Per i due protagonisti si avvicina il fine avventura, il cagnone viene preso in custodia dall’addetto del canile, non sa, poverino che gli aspetta un futuro non proprio felice. Certo meglio che finire sotto un’auto, ma pur sempre chiuso in un canile. Pubblichiamo una sua foto sperando che qualche lettore di buon cuore voglia riservare all’inconsapevole protagonista un futuro migliore.
L’automobilista e l’elettricista si salutano, salgono sulle loro autovetture e cercano di recuperare il tempo “diversamente impiegato”, siamo sicuri che non lo considerano “tempo perduto”.
Ma come in ogni racconto che si rispetti non può mancare “la morale”. Siamo un popolo strano, un popolo di “singoli”, capaci di slancio, di inventiva, capaci di andare anche molto oltre le mansioni e le direttive specifiche, come si usa dire oggi, “problem solving”.

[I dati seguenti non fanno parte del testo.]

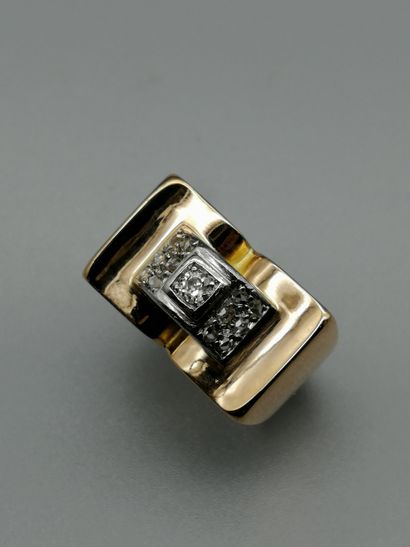 null An 18K 750‰ two-tone gold ring, of geometric form, set with an old-cut diamond...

In fondo il carabiniere poteva semplicemente limitarsi a continuare con le telefonata al canile “fantasma”, invece si è inventato una soluzione. Dove però andiamo in crisi è nella visione d’insieme, quando finisce il singolo ed incomincia il collettivo, lì diamo il peggio. Forse molto semplicemente perchè chi organizza il servizio per la collettività continua a ragionare “da singolo”. Recuperare un animale abbandonato non è cosa semplicissima, chi si ritrova in quella situazione, senza attrezzi, magari in giacca e cravatta, ha bisogno che arrivi nel minor tempo possibile qualcuno che prenda in carico l’animale. Le questioni burocratiche, anch’esse necessarie, devono arrivare dopo. Invece nel corso del racconto potete notare come ogni interprete istituzionale si trovi a recitare la propria parte in modo magari diligente, ma in un ruolo circoscritto che ne limita l’operatività.
È un po’ come, prendendo camera in un hotel, si dovesse poi contattare un’impresa di pulizie per far pulire la camera, una lavanderia per gli asciugamani del bagno, un bar per far portare la colazione ed un ristorante per avere la cena.
Per gli hotel non funziona così, per la burocrazia italiana invece sì.